Copy the afcparams calibration values from which GTA02?  They are
different on each individual unit as you can see in the rfcal-examples
tarball linked above - it's the whole point of per-unit calibration.

OK, I was going to try copying the afcparams file from one arbitrarily
picked GTA02 to FCDEV3B S/N 001 just to see what happens, but something
quite unexpected happened.  It was middle of the night here when I went
to try this experiment, the night was unusually cold for April in
Southern California, and the temperature difference made it work!
When I pressed the PWON button on the FCDEV3B, the FreeCalypso fw image
in the flash immediately booted without the usual glitches, and when I
tried the AT+CFUN=1, AT+COPS=0 command sequence, it immediately
connected to the network even though I had *not* uploaded the afcparams
file from the GTA02, i.e., it was using the fw's compiled-in numbers.

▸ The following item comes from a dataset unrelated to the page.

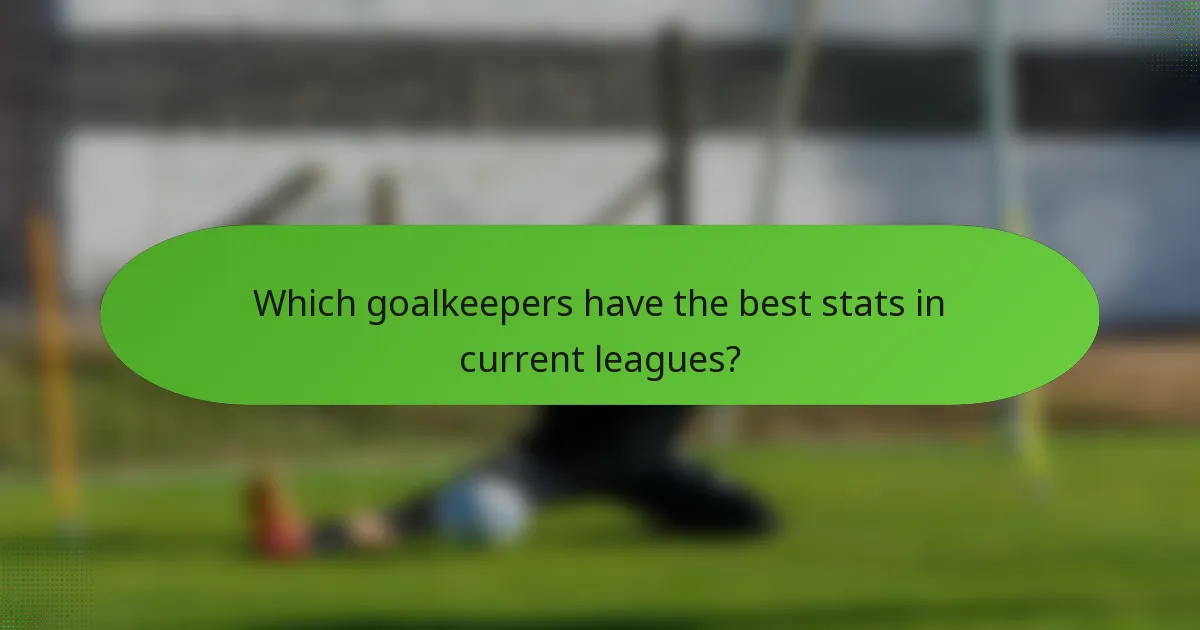 Which goalkeepers have the best stats in current leagues?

Later the flash booting problem came back, so I will still debug it
once I get the "dupont" jumper wires (female to female) for connecting
JTAG, and I don't know if the FB/SB acquisition will start failing
again once the room warms up - but I need to try performing the proper
calibration procedure in any case, as these numbers are meant to be
calibrated per unit rather than hard-coded.